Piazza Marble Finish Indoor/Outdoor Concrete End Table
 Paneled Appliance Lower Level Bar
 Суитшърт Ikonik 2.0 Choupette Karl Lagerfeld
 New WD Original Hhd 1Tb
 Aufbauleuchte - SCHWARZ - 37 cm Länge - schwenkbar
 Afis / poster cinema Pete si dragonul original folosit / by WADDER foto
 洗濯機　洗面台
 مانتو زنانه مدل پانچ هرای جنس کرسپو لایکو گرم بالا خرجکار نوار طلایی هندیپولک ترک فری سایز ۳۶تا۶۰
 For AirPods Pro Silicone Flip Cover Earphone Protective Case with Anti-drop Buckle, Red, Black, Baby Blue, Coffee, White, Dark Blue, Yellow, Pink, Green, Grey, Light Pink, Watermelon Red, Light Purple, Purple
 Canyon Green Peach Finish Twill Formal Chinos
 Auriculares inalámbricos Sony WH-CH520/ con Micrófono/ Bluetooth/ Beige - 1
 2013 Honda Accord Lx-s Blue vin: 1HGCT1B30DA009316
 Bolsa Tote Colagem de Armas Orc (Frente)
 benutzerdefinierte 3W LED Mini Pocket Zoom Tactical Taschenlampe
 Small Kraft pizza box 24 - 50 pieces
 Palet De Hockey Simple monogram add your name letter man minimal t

(BRIEF):
Counting every line that holds the string "Finish", give the total for the data above and nothing else.

(RESPONSE AREA):
2